The minister further insisted that despite the economic ailments, Nigeria’s economy remained the biggest in Africa.Of the N247. 9 billion, Adeosun said N107 billion was for projects in the Works and Housing sector, while the Agriculture sector got N29.1 billion. She said another N60 billion would be released in the next few weeks.
Giving more details of the releases so far, Adeosun said: “Ministry of Works had received N74 billion in the last two months compared to N19bn received for the whole of last year. Agriculture which is a strategic focus of this government has received N21.9billion compared to just N4 billion for the whole of last year and Ministry of Transport has received N22 billion compared to just N6billion last year.
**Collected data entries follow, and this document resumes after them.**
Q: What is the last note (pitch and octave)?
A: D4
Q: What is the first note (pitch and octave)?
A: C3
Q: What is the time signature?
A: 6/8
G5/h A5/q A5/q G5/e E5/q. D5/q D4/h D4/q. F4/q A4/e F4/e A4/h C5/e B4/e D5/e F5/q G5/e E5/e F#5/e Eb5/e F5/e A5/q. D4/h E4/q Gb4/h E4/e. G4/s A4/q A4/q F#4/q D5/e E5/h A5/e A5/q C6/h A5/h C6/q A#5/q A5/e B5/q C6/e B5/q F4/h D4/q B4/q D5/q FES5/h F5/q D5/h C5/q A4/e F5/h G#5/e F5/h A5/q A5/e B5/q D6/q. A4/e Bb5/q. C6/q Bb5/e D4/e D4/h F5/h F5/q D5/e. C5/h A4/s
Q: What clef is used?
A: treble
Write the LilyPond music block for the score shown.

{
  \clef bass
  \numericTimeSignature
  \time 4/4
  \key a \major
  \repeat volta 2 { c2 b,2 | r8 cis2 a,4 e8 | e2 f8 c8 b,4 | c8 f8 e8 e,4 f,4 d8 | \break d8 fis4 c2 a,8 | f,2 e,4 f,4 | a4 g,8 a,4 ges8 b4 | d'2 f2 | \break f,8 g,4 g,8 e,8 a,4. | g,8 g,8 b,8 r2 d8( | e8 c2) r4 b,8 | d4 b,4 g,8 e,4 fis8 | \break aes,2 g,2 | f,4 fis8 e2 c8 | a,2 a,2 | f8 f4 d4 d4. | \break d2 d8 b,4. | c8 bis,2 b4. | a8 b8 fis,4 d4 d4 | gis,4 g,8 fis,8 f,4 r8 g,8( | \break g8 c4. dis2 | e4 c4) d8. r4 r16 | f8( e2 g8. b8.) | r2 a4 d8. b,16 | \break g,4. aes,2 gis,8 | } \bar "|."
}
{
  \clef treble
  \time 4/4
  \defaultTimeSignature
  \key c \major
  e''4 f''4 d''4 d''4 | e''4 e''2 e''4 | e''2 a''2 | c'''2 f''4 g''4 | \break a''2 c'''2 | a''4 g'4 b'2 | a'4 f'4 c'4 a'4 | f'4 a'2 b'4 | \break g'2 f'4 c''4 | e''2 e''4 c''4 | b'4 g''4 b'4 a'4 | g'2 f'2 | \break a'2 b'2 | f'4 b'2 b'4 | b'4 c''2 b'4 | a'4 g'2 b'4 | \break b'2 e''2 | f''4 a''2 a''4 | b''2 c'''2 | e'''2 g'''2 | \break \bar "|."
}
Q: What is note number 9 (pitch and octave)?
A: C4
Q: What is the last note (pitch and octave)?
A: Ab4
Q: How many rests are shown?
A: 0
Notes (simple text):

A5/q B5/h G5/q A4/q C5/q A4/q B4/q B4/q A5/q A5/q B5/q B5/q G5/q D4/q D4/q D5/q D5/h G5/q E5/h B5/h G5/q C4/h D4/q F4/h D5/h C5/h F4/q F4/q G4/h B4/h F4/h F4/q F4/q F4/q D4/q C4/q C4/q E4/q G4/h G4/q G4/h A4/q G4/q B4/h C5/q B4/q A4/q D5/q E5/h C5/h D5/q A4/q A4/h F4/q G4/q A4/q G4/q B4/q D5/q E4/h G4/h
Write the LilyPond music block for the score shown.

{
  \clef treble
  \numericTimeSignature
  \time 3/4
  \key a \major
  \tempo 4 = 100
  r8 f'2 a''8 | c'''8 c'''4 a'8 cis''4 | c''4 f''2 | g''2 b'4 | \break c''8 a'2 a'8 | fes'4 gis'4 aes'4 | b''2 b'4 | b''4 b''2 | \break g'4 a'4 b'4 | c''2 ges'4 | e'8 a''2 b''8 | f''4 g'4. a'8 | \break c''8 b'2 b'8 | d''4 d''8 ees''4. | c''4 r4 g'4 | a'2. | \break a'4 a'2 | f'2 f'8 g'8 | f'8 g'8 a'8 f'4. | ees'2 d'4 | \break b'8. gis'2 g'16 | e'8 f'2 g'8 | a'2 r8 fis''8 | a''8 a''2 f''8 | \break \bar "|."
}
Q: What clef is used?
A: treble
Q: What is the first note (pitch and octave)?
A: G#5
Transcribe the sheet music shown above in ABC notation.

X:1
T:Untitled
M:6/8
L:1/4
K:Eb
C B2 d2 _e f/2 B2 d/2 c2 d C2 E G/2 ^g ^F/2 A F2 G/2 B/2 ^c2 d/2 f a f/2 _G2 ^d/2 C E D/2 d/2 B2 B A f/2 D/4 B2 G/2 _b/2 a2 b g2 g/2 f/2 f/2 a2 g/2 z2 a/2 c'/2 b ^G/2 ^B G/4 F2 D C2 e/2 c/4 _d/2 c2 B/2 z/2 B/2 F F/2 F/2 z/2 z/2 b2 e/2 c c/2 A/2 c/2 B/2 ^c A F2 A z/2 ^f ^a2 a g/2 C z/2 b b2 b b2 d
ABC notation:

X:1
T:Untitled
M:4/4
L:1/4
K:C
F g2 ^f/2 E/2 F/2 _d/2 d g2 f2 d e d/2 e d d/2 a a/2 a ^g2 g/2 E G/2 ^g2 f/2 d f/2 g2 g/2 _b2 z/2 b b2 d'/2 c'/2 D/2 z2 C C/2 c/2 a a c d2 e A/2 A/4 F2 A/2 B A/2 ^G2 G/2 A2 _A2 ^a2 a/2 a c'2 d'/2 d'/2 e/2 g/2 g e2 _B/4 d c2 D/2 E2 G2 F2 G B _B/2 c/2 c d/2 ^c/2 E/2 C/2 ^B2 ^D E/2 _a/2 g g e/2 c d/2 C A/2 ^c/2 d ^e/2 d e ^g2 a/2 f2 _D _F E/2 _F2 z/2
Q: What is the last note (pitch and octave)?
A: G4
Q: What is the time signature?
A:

I believe the speed and extent of our releases show government’s intent and seriousness around reviving this economy. We are very confident that the work that we are doing will bear fruits. We are already beginning to see increased production in our agriculture.
In another development, former President Olusegun Obasanjo and former Chief Economist of the World Bank, Prof. Joseph Stiglitz, yesterday said most economic policies handed over to Nigeria and other African countries by global financial institutions caused part of the development woes in the country and continent.
And as if in agreement, Adeosun said: “I am not too worried about the International Monetary Fund(IMF) projection because one of their functions is global economic surveillance. They equally issued a negative report on Britain as a result of Brexit . I don’t think we should panic every time IMF speaks. I think we need to be confident about what we are doing and where we are going. I remain extremely confident about Nigeria.”
On what was inherited from the past administration in terms of finances, Adeosun said: “I inherited very little by way of reserves. I inherited significant debt, contractor debt, cash calls of $5 billion dollars outstanding to oil companies. We have paid contractors N107 billion but they still find it very difficult to work because they are owed and some of them have not been paid since 2012.
Their claims are over N390 billion. So, I inherited reserves more negative than positive because the economy is actually in very good hands and we are doing absolutely our best to get through this difficult period.” The minister also explained that the loans government has taken so far to fund the budget have been more of local loans.“We have been borrowing largely from the domestic market because we need to get the exchange rate sorted out to enable us borrow from the international market.”
While briefing State House correspondent at the end of the National Economic Council (NEC) meeting presided over by Vice President, Yemi Osinbajo, Udoma admitted that all signals to the fact that the country might not be able to measure up to the criteria that would comfortably push its economy.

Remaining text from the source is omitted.